AUPE members at Lethbridge Polytechnic fill a wide variety of positions, including research assistants, kitchen workers, tech support, caretakers, administrative assistants, cashiers, accounting, lab technicians, communications, and tradesworkers.
Bargaining with Lethbridge Polytechnic, which was called Lethbridge College prior to a name change in the summer of 2024, for the new contract began that June, just before the last contract expired.
The most recent collective agreement for these more than 350 workers expired in June 2024, but it took nearly two years after the previous one had expired before this one was finally ratified.
This new update says that the workers’ bargaining team—which includes an administrative assistant, a funding specialist, and an admissions specialist—has finally reached a tentative agreement with the employer.
Included in the new agreement is 3% wage increase every year for 4 years.
| 1 July 2024* | 3.00% |
| 1 July 2025* | 3.00% |
| 1 July 2026 | 3.00% |
| 1 July 2027 | 3.00% |
This in line with what other public sector agreements have received over the past year and is much better than what they received over the previous decade.
| 2013 | 0.00% |
| 2014 | 2.50% |
| 2015 | 2.50% |
| 2016 | 1.90% |
| 2017 | 0.00% |
| 2018 | 0.00% |
| 2019 | 1.00% |
| 2020 | 0.00% |
| 2021 | 0.00% |
| 2022 | 0.00% |
| 2023 | 2.75% |
These workers received 6 years of wage freezes between 2013 and 2023 and a combined 10.65% during that period, which works out to 1.07% per year, on average.
So, this proposed raise is better than anything they have received in any of their last 4 contracts.
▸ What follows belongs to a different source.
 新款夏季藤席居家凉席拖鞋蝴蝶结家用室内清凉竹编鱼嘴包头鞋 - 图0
But those 6 wage freezes means wages for these workers have fallen behind inflation during the past decade.
In July 2012, the consumer price index in Alberta was 126.8 but had risen to 166.0 by July 2023, an increase of 39.2 points. That’s a jump of 30.91%.
When you put that together with the 10.65% wage increase the workers received in their last contract, they ended up with a cut to real wages—wages adjusted for inflation—of 20.26% heading into this new round of bargaining.
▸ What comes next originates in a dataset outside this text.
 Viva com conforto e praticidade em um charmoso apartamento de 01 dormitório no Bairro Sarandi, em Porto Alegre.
To put that into perspective, for each $1000 these workers made in July 2012, it would be the same as getting paid $797.40 in July 2023, when accounting for wages and inflation.
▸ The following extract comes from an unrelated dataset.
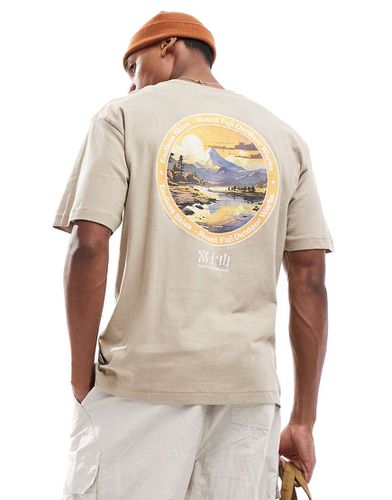 T-shirt oversize beige con stampa di Monte Fuji sul retro - ONLY & SONS - Modalova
In other words, for every $1000 they spent on goods and services in July 2012, it would’ve cost them $1,202.60 to buy the same goods and services in the summer of 2023. Either that, or they’d be able to afford only $797.40 of those goods and services.
A combined increase of 12% falls short of what is needed to address this reduction in real wages. And that’s not even addressing the inflation in 2024, last year, this year, or next year.
Here are some other changes to the tentative agreement.
If ratified, the contract would increase special leave from 8 days per academic year to 10 days.
Vacation days would improve for workers employed for at least 18 years.
| Vacation days | Previous service | Proposed service |
|---|---|---|
| 15 | 1–5 years | 1–5 years |
| 20 | 6–10 years | 6–10 years |
| 25 | 11–24 years | 11–18 years |
| 30 | 25+ years | 19+ years |
Health benefit co-pays for part-time workers would decrease from 30% to 25%.
The flex spending account would increase from $900 per year to $1000 per year for full-time workers and from $450 a year to $500 a year for part-time workers.
Boot allowance would increase from $200 to $250.
The workers’ bargaining team has scheduled an information session for this Thursday (26th) regarding the tentative agreement. Voting on the agreement will take place later.
Update (21 April 2026): According to the AUPE, 179 out of 257 workers participated in the ratification vote. Of those, 96.5% voted in favour of ratification.